Angesichts der veränderten geopolitischen Lage befindet sich Nordkorea heute in einer besseren Verhandlungsposition als bei den gescheiterten Gipfeltreffen zwischen Trump und Kim in Singapur, Hanoi und an der innerkoreanischen Grenze 2018 und 2019. Um eine neue Rüstungskontrolle anzustoßen, sollten die USA vorerst auf die Forderung nach einer vollständigen Denuklearisierung verzichten, denn dieses Ziel ist derzeit kaum realistisch. Nordkorea ist de facto eine Atommacht. Ein Militärschlag wäre noch weniger geeignet, die nordkoreanischen Atomanlagen nachhaltig zu zerstören, als im Fall des Iran: Sie sind stärker verbunkert und über das Land verteilt. Zudem wäre nach einem solchen Angriff ein neuer verlustreicher Koreakrieg nicht unwahrscheinlich.

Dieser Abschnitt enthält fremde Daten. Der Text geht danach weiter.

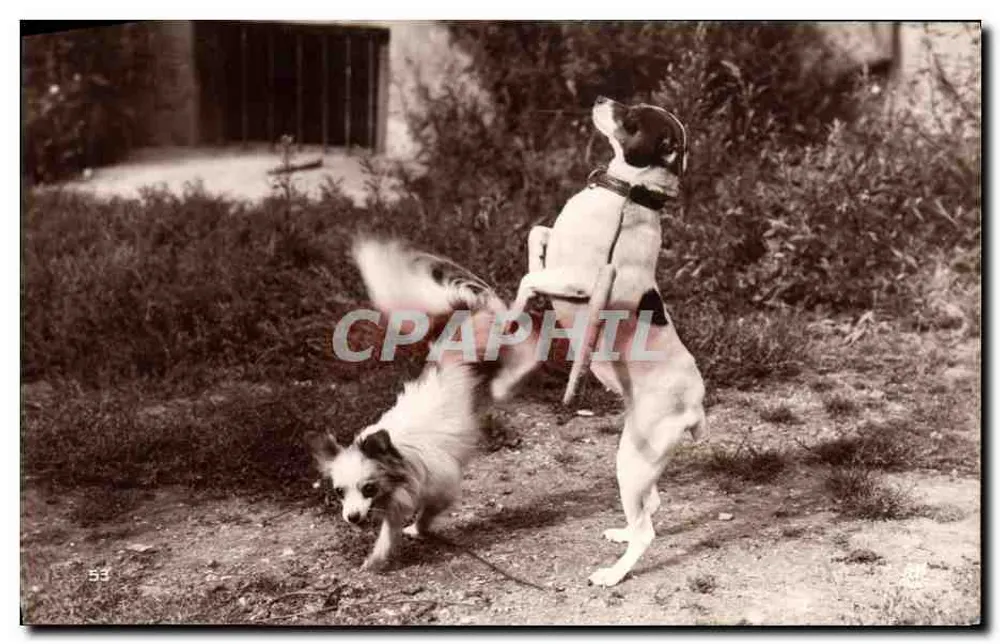 Schlaue Hunde — Der Sprung durch die Reifen — Edition A.N. Paris - Vorderseite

Es wäre sinnvoll, international – unter Einbeziehung Chinas, der USA und beider koreanischer Staaten – über einen Stufenplan zu verhandeln. Erstens sollte das Ziel sein, Nordkorea zum Wiedereintritt in den Atomwaffensperrvertrag zu bewegen, aus dem es 2003 ausgetreten ist, einschließlich der im Vertrag vorgesehenen Vor-Ort-Kontrollen. Dies entspräche zunächst einem Konfliktmanagement durch Rüstungskontrolle, nicht jedoch einer sofortigen Denuklearisierung. Auf politischer Ebene wäre es wichtig, zur Entspannung beizutragen, indem beide koreanische Regierungen gegenseitig ihre Souveränität anerkennen, ähnlich wie dies durch die Entspannungspolitik zwischen den beiden deutschen Staaten ermöglicht wurde.

Ebenso entscheidend wäre, nicht nur das Atomprogramm in den Blick zu nehmen, sondern auch die konventionellen militärischen Potenziale durch Abkommen transparenter zu machen und auf provokative Handlungen zu verzichten. Schließlich ließe sich Vertrauen durch humanitäre und wirtschaftliche Kontakte festigen. Erst auf dieser Grundlage könnte dann mit Aussicht auf Erfolg über Denuklearisierung verhandelt werden. Ein solcher langfristig angelegter Stufenplan erscheint erfolgversprechender und nachhaltiger als die von Donald Trump bevorzugte, personenbezogene Diplomatie des schnellen Deals.